Prosecutors and defense lawyers in the trial of a former presidential candidate were poised to begin making their case to jurors on whether the man violated federal campaign finance laws.
Opening arguments were to begin Monday in Greensboro, N.C.
The defendant pleaded not guilty to six criminal counts related to nearly $1 million in secret payments from two wealthy supporters. Much of the money was used to hide the then-married politician's pregnant mistress during his 2008 White House campaign.
Prosecutors are expected to argue that he masterminded a conspiracy to conceal his affair. The defense lawyers contend the payments were gifts from friends intent on keeping the candidate's wife from finding out about the mistress and her baby. The defendant's wife died in December 2010 after battling cancer.
A U.S. District Court Judges, who was appointed in 2010 by the President, will preside. She said she expects the proceedings to last about six weeks.
A key issue will be whether the defendant knew about the payments made on his behalf by his national campaign finance chairman, the late Texas lawyer, and a now-101-year-old heiress and socialite who was a campaign donor. Each had already given the campaign the maximum $2,300 individual contribution allowed by federal law.
The defendant denies having known about the money, which paid for private jets, luxury hotels and medical care for the mistress. Prosecutors will seek to prove he sought and directed the payments to cover up his affair, protect his public image as a "family man" and keep his presidential hopes viable.
The well-known Washington lawyer who is representing him, has said that even had his client known about the secret payments, his actions wouldn't amount to a crime under federal law. The government's case relies on flawed legal reasoning, that the grand jury process was tainted and that the Republican federal prosecutor who led the investigation was motivated by partisanship.
The defense lawyer has derided what he calls the government's "crazy" interpretation of federal law whereby money that was never handled by the candidate nor deposited in a campaign account is being defined as campaign contributions.
Much of the money at issue was funneled to a former campaign aide once so close to the defendant that he initially claimed paternity of his boss's illegitimate child. The aide and his wife invited the pregnant mistress to live in their home near Chapel Hill and later embarked with her on a cross-country odyssey as they sought to elude tabloid reporters trying to expose the candidate's extramarital affair.
The campaign aid later fell out with the defendant and wrote an unflattering tell-all book, The Politician. The aid and the mistress recently ended a two-year legal battle over ownership of a sex tape the mistress recorded with the defendant during the campaign, agreeing to a settlement that dictates that copies of the video will be destroyed.

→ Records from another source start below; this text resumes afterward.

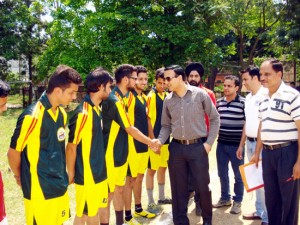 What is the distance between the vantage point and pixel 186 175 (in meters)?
4.63

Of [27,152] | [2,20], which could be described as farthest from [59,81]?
[2,20]

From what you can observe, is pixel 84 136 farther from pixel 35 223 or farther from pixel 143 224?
pixel 143 224

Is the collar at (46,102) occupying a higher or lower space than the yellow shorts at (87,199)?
higher

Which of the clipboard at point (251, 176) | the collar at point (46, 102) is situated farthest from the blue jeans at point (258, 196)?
the collar at point (46, 102)

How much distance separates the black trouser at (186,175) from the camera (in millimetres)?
4461

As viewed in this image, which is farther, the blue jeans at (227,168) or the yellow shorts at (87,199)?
the blue jeans at (227,168)

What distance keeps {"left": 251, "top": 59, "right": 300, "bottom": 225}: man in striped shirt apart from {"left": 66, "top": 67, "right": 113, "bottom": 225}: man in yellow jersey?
202 centimetres

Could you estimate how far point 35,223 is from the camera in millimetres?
3049

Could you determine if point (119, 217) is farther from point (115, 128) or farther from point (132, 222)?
point (115, 128)

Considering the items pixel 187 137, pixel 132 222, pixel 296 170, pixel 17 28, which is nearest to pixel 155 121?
pixel 187 137

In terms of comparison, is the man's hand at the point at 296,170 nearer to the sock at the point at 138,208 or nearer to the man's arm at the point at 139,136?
the man's arm at the point at 139,136

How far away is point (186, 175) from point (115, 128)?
1.18 metres

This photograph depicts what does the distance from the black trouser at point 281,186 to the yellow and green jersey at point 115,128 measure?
1782mm

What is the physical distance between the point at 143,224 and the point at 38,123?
2645mm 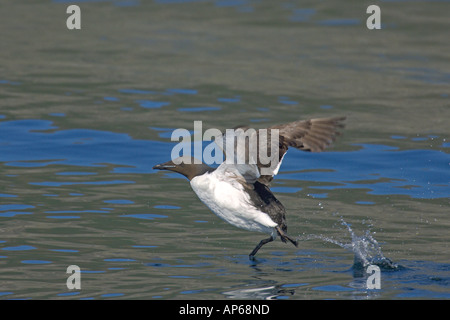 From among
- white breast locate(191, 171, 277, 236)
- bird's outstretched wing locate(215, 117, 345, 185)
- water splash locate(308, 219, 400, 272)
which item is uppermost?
bird's outstretched wing locate(215, 117, 345, 185)

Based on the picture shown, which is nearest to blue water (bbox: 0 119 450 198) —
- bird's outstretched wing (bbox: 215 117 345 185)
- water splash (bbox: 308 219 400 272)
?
water splash (bbox: 308 219 400 272)

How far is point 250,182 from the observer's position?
7.77 metres

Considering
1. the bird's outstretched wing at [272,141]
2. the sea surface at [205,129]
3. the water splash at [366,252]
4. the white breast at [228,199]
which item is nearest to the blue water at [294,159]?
the sea surface at [205,129]

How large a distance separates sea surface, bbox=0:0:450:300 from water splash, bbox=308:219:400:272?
2cm

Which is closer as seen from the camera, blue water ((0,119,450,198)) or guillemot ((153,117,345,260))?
guillemot ((153,117,345,260))

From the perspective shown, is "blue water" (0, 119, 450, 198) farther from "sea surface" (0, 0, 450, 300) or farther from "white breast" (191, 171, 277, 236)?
"white breast" (191, 171, 277, 236)

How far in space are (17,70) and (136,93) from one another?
2.69 m

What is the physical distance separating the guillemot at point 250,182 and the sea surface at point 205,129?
0.46 m

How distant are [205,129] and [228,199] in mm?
5283

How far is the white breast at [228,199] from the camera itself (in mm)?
7570

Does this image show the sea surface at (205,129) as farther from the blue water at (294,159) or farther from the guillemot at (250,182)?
the guillemot at (250,182)

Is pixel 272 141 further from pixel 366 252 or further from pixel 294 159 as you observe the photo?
pixel 294 159

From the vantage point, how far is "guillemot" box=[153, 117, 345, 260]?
23.7ft

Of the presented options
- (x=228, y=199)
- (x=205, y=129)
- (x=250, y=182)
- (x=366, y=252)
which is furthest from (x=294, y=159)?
(x=228, y=199) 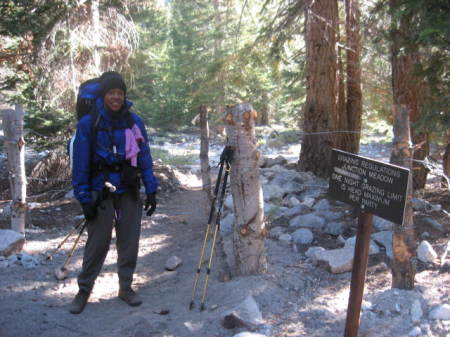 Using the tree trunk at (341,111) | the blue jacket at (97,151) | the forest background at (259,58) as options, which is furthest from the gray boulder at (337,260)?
the tree trunk at (341,111)

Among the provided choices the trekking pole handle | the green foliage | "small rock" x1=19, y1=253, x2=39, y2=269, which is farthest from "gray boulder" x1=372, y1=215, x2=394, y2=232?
the green foliage

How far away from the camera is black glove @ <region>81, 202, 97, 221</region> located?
14.1 ft

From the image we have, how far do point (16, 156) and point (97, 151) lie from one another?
2668 millimetres

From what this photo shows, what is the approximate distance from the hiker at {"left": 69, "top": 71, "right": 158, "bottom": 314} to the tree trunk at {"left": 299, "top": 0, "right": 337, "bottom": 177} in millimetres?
6382

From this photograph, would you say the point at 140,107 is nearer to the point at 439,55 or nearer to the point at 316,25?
the point at 316,25

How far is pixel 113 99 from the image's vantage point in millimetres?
4402

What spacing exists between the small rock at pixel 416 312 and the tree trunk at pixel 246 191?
4.80 feet

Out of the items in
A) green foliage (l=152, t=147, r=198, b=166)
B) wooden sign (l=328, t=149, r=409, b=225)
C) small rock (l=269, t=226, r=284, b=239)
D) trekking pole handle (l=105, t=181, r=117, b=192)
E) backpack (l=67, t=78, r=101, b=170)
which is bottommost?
green foliage (l=152, t=147, r=198, b=166)

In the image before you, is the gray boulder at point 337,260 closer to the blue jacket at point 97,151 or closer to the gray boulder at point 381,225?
the gray boulder at point 381,225

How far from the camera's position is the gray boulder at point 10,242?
20.1 ft

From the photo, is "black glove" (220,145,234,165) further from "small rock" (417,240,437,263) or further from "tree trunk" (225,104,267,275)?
"small rock" (417,240,437,263)

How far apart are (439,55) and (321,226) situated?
278cm

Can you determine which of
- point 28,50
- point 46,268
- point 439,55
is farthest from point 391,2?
point 28,50

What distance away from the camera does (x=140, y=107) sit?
32.0 metres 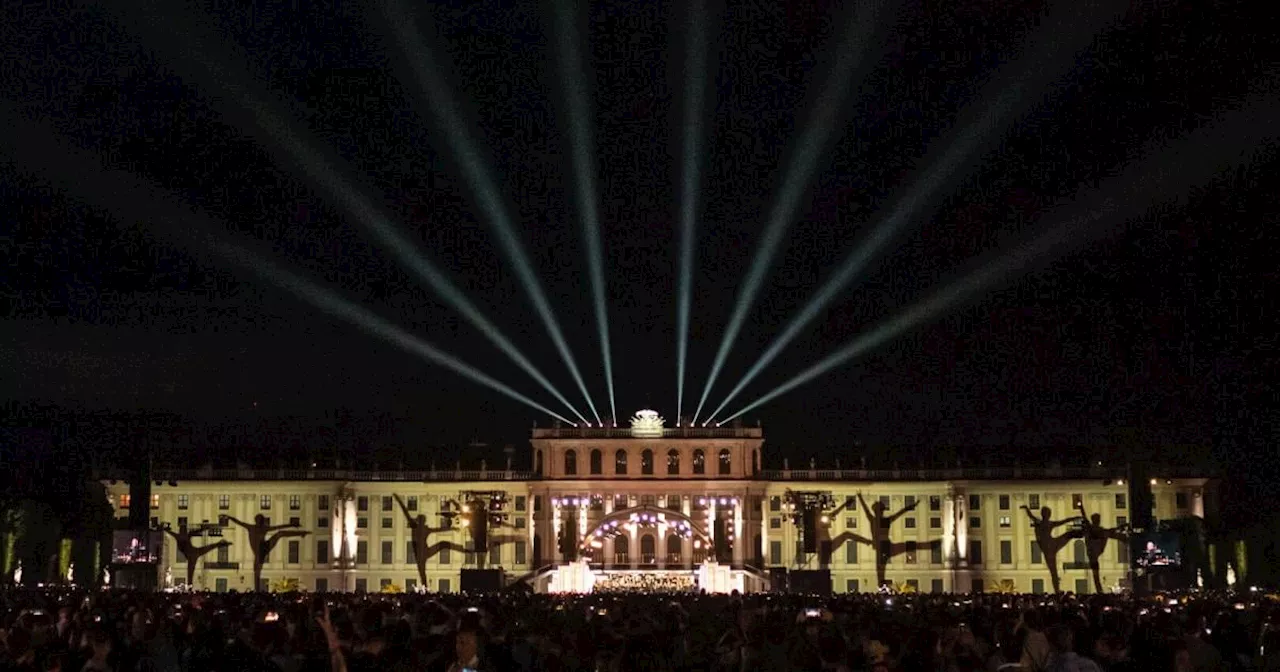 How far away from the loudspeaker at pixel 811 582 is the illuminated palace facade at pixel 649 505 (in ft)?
191

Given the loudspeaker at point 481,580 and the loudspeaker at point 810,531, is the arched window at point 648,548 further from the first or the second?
the loudspeaker at point 481,580

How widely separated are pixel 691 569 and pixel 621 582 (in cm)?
1882

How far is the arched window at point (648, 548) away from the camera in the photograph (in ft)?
465

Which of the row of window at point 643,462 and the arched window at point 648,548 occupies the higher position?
the row of window at point 643,462

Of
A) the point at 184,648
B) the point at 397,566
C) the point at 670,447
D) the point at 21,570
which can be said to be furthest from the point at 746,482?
the point at 184,648

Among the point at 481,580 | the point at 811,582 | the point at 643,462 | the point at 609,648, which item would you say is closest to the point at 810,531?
the point at 811,582

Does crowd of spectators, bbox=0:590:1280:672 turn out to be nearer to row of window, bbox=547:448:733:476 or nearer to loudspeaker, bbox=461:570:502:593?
loudspeaker, bbox=461:570:502:593

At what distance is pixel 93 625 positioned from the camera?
64.7 ft

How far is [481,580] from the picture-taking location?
77.1m

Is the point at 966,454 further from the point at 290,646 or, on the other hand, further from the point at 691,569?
the point at 290,646

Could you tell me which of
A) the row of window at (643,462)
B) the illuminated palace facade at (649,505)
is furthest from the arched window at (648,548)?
the row of window at (643,462)

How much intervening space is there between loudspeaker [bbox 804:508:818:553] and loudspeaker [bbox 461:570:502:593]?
1419cm

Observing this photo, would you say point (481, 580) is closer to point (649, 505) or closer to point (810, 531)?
point (810, 531)

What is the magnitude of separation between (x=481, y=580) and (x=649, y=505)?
63.5 meters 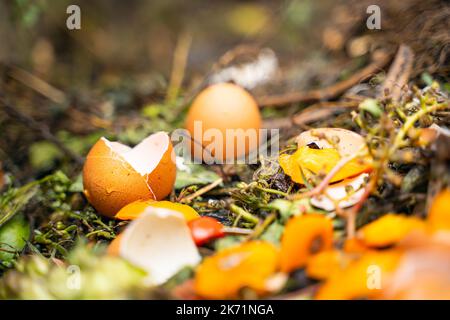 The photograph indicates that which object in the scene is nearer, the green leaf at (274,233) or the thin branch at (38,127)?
the green leaf at (274,233)

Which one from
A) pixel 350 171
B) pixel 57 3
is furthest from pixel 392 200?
pixel 57 3

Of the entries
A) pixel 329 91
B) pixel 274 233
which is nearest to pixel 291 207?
pixel 274 233

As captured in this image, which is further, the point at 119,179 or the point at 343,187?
the point at 119,179

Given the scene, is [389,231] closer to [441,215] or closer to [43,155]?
[441,215]

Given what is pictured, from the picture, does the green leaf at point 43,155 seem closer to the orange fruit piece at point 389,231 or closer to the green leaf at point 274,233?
the green leaf at point 274,233

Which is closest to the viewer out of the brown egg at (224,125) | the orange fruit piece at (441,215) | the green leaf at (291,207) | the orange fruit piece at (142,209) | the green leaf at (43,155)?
the orange fruit piece at (441,215)

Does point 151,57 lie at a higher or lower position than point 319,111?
higher

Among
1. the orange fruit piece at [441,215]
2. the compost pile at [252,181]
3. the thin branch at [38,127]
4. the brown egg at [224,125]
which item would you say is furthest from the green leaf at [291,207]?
the thin branch at [38,127] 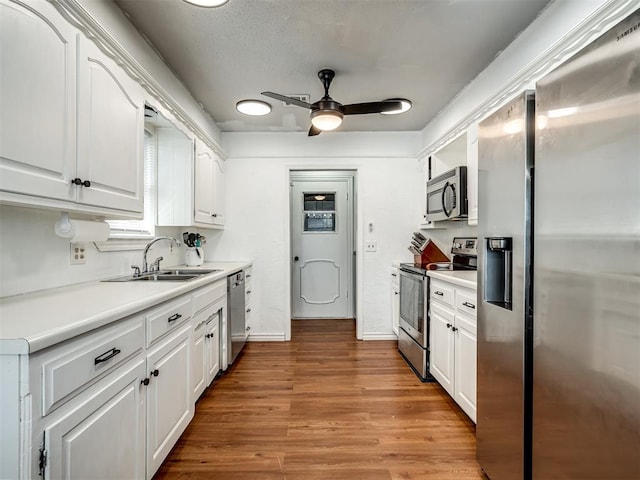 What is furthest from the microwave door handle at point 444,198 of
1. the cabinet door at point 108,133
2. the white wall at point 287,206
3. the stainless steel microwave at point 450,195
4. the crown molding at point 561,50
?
the cabinet door at point 108,133

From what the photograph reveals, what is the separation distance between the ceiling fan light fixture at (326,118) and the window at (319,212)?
8.02 ft

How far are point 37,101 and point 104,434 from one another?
47.1 inches

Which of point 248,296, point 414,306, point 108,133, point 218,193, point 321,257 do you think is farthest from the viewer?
point 321,257

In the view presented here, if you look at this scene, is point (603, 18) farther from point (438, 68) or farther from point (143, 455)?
point (143, 455)

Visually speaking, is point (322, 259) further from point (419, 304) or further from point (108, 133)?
point (108, 133)

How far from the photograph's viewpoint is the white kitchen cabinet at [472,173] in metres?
2.55

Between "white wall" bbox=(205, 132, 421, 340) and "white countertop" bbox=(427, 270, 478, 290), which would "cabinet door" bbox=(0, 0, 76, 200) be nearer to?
"white countertop" bbox=(427, 270, 478, 290)

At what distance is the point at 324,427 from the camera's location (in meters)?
2.09

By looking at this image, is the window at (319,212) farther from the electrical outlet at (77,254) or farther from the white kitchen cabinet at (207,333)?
the electrical outlet at (77,254)

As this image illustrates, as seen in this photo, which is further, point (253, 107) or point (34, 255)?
point (253, 107)

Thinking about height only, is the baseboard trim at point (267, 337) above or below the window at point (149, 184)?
below

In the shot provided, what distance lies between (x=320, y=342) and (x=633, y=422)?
3126mm

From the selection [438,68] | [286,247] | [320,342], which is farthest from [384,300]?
[438,68]

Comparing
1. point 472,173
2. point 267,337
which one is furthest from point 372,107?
point 267,337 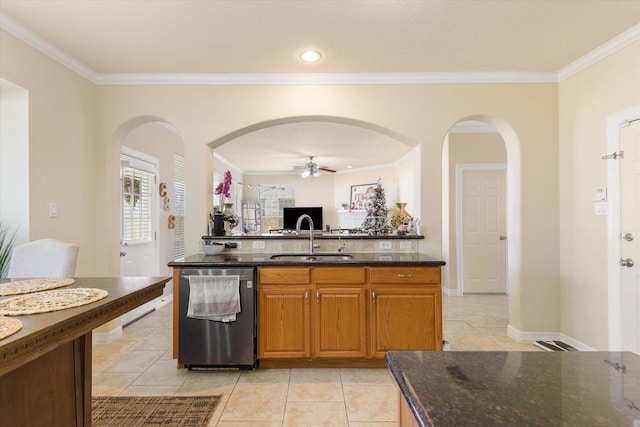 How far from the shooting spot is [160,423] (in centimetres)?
196

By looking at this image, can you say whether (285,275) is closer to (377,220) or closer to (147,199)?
(377,220)

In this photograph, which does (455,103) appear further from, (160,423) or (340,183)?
(340,183)

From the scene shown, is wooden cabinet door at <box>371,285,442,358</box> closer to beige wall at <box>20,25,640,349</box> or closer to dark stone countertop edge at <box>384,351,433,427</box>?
beige wall at <box>20,25,640,349</box>

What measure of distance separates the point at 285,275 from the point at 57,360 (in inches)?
58.3

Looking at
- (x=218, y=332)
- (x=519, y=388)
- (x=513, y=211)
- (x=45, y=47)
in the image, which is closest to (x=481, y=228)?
(x=513, y=211)

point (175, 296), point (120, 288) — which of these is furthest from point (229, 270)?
point (120, 288)

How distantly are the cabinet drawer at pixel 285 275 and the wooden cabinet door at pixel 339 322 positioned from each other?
0.45 feet

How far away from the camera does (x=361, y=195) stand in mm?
8102

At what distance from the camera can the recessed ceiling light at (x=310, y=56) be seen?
8.85ft

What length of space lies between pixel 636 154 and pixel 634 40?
0.87 metres

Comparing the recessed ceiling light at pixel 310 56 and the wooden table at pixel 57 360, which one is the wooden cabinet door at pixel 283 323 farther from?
the recessed ceiling light at pixel 310 56

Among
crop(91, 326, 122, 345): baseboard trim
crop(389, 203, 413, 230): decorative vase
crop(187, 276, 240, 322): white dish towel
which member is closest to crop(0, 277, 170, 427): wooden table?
crop(187, 276, 240, 322): white dish towel

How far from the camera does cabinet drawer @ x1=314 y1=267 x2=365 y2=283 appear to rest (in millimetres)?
2564

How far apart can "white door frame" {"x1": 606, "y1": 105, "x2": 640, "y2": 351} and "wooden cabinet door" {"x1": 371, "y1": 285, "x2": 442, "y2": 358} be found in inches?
56.9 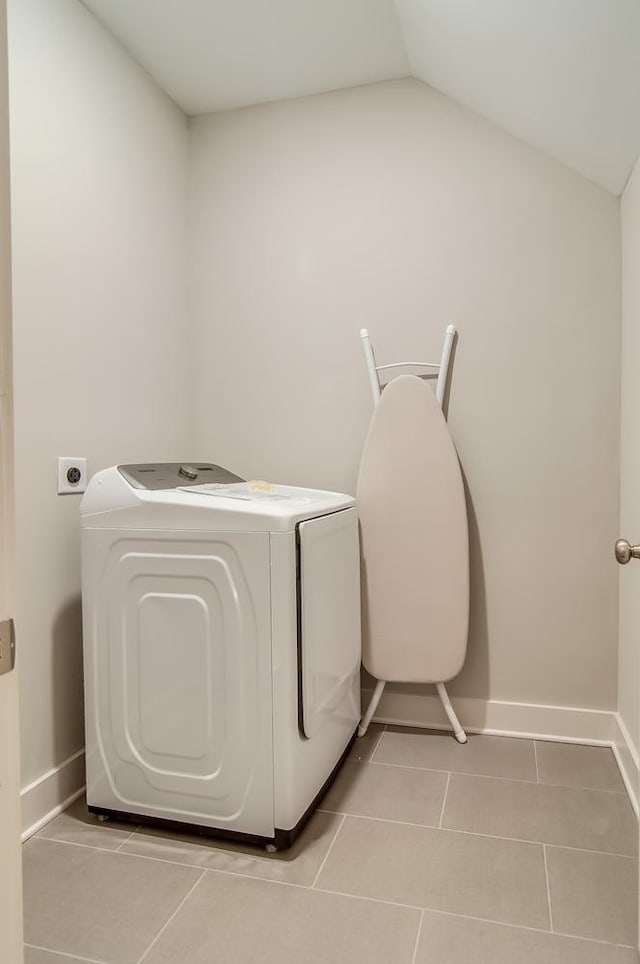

The aide is expected to be a witness for the prosecution, while the defense is likely to call the mistress to testify. Two of the lawyers who represented the mistress in her civil suit against the former aide joined the defendant's legal team last month. After years of adamant public denials, the defendant acknowledged paternity of the mistress' daughter in 2010. The girl, now 4, lives with her mother in Charlotte.
It has not yet been decided whether the defendant, a former trial lawyer once renowned for his ability to charm jurors, will testify in his own defense.